Dr. Richard James is an associate professor in pediatrics and pharmacology at the University of Washington and a principal investigator at Seattle Children’s Research Institute. Richard’s research is focused on understanding how genetic variants lead to dysregulated signaling in lymphoma and in immune dysregulation. He is the co-leader of the B cell engineering program at Seattle Children’s.

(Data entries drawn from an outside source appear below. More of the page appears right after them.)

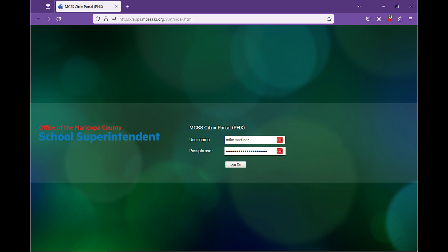Beginning January 1st, 2024, the Citrix portal hosted by the Maricopa County School Superintendent's Office will be changing.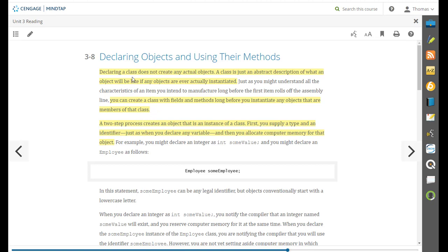All right. Section 3.8 takes us back up the object hierarchy to the higher level. Declaring a class does not create the object.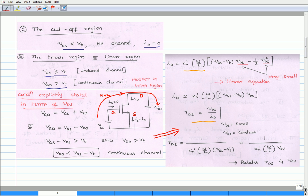Therefore, after applying Kirchhoff's voltage law and simplifying, we get gate-to-drain voltage VGD equals gate-source voltage plus voltage across source and drain. Or, gate-to-drain voltage equals gate-to-source voltage minus drain-to-source voltage. As mentioned earlier, for the continuous channel, VGD must be greater than VT. Therefore, VGS minus VDS must be greater than VT. On simplification, this ensures that for the triode region of operation, VDS must be less than VGS minus VT, which indicates a continuous channel.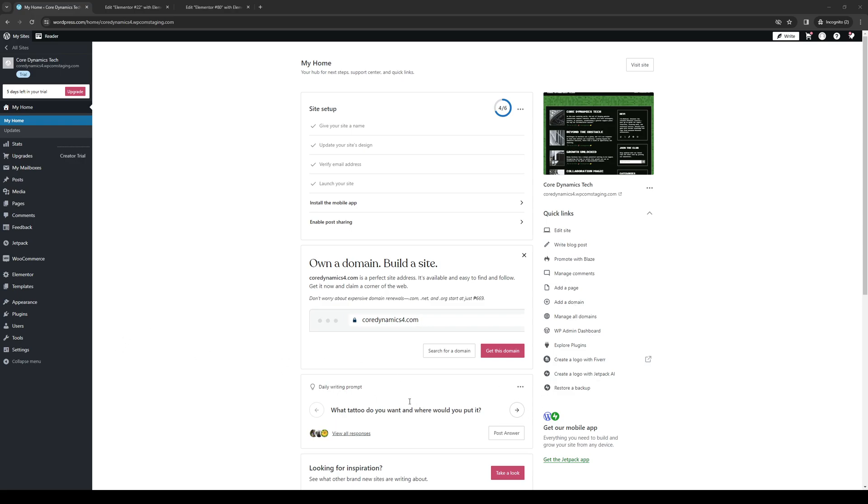Hey everyone, and welcome back to the channel. So in today's video, I'll be teaching you guys how to properly add a Google Maps Elementor widget to your WordPress website from scratch using the site editor. So without further ado, let's dive right in.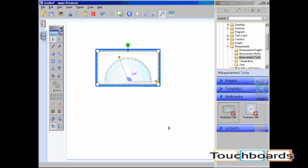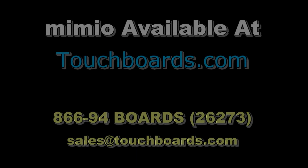Make sure to also watch the video on adding your own content into the Mimeo gallery. Thank you.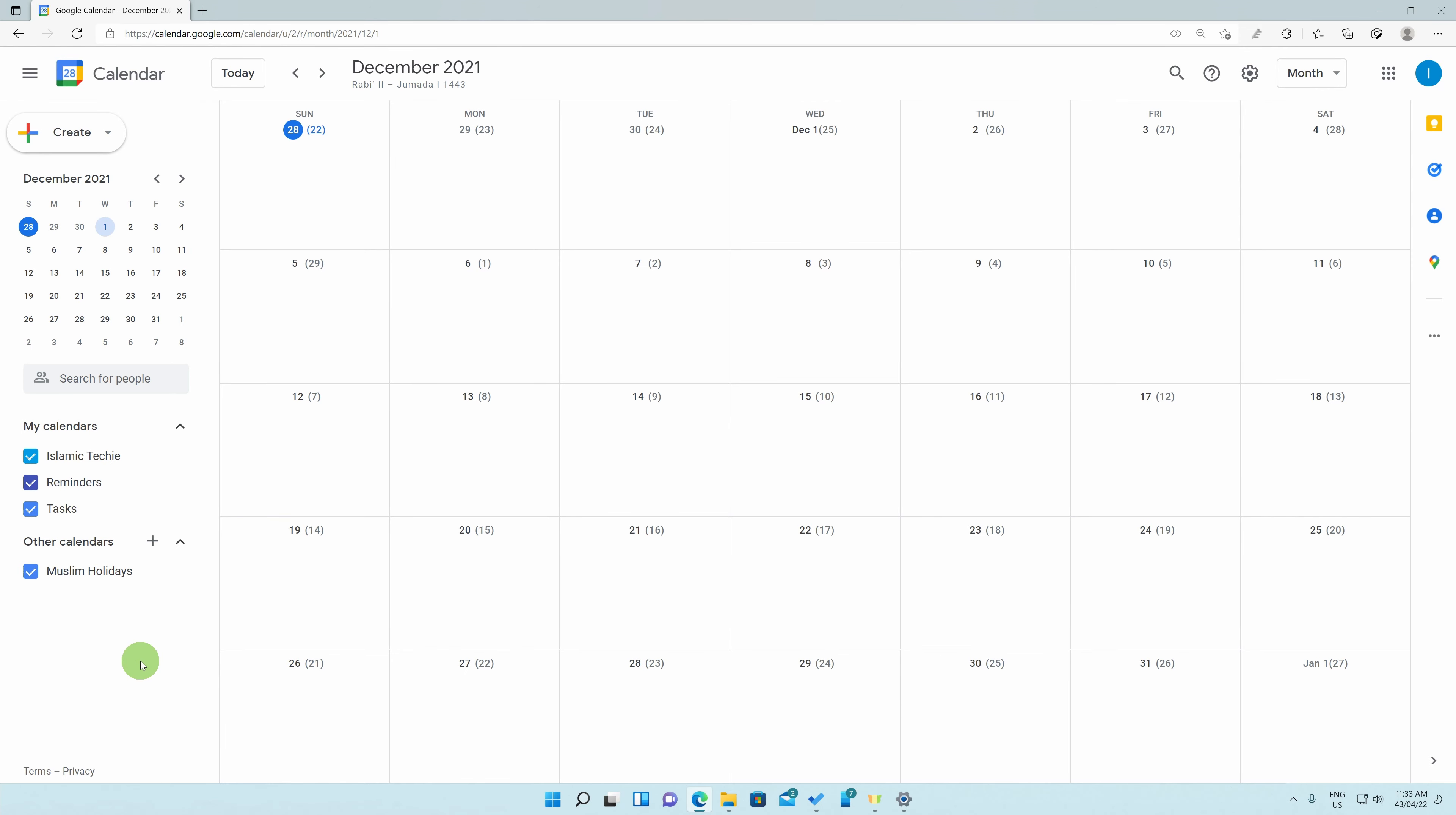So, this marks the end of the tutorial of adding the Hijri Calendar to your Google Calendar on the computer website. If you found this video to be helpful, then do share it with others. Inshallah, I will see you on the next video. Assalamualaikum warahmatullahi wabarakatuhu.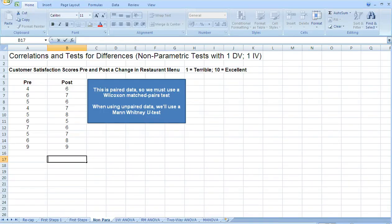We just looked at a test for differences using parametric data with one independent variable and one dependent variable. Now we're going to do the same thing, but this time we're going to use a non-parametric test — the non-parametric equivalent of the t-test. We've still got one independent variable and we've still got one dependent variable.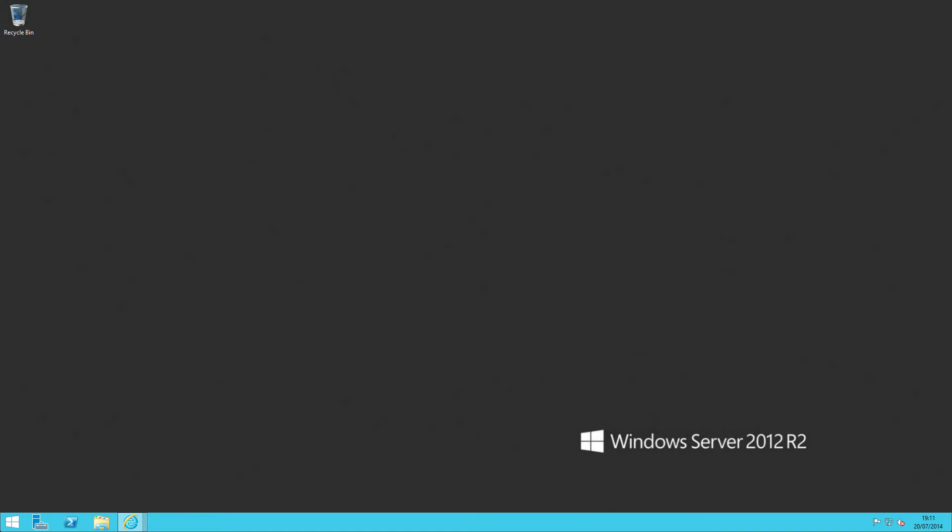And here we are back again, having installed the operating system. I've added the server to the domain because I want to demonstrate installing instant provisioning. I've installed the remote desktop services role, I've patched the server, and I've installed Office as an application.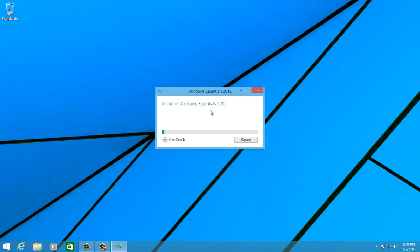If you receive a message that the Windows Live Essentials software package requires the .NET Framework to install or run, you'll need to enable that feature. To do so,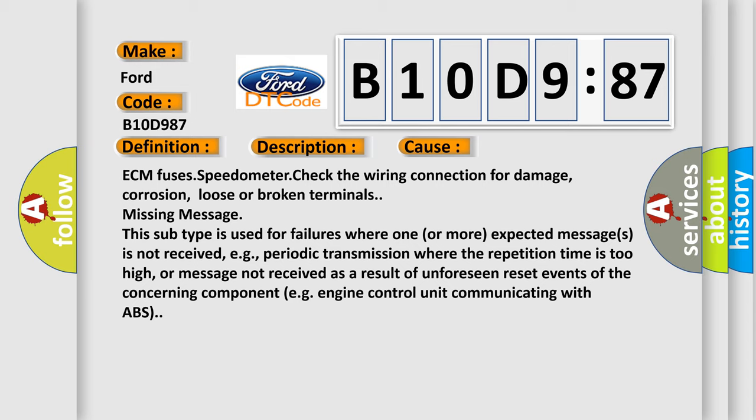ECM fuses speedometer check the wiring connection for damage, corrosion, loose or broken terminals. Missing message. This subtype is used for failures where one or more expected messages is not received, e.g., periodic transmission where the repetition time is too high, or message not received as a result of unforeseen reset events of the concerning component.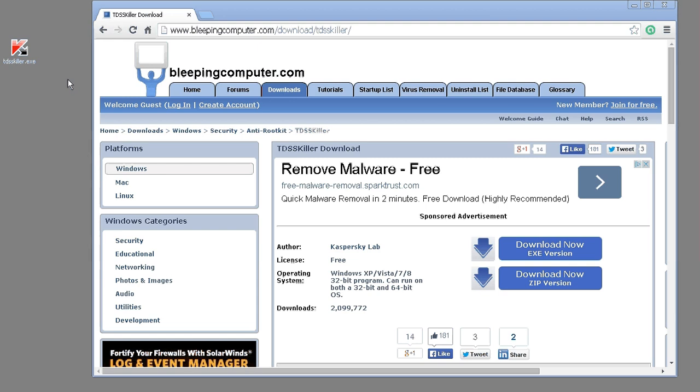Welcome to Trench Tech, where we show you how to become a computer technician. Today we're going to show you how to run TDSS Killer.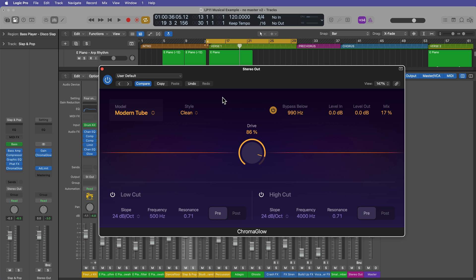Okay, so that is the new Chroma Glow plugin in Logic Pro 11. I hope you guys enjoyed this video. If you did, please leave it a thumbs up and subscribe to the channel to see more content like this. I'm going to be uploading a whole bunch of new Logic 11 tutorials pretty much every day this week. So stay tuned for those. As always, thank you so much for the support and thanks for watching.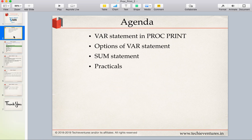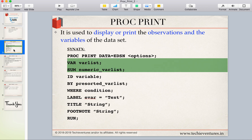In today's session we are going to talk about the VAR statement in PROC PRINT and what are the different options available for us to use in the VAR statement. Then we'll also talk about the SUM statement, and finally we'll do some practicals to have a better understanding of VAR and SUM statements. In the previous session we discussed PROC PRINT and the six options. Today we will restrict our discussion to VAR and SUM statements.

Plasma cells are dedicated protein producing machines. The James lab is interested in understanding which proteins are responsible for differentiation of B cells into plasma cells including: activation of naive B cells, response to T cell help, plasmablast expansion and antibody production on a per cell basis. The James lab recently developed genome engineering techniques that can be used to edit primary human B cells, which can subsequently differentiate into plasma cells ex vivo. In collaboration with other projects, Richard uses genome engineering to ask whether oncogenic variants associated with lymphoma or those associated with lupus alter B cell development. Richard is also developing new ways to express and secrete human proteins in plasma cells, with the eventual goal of developing engineered plasma cells as immunotherapies for diseases caused by defects in secreted proteins (e.g. hemophilia).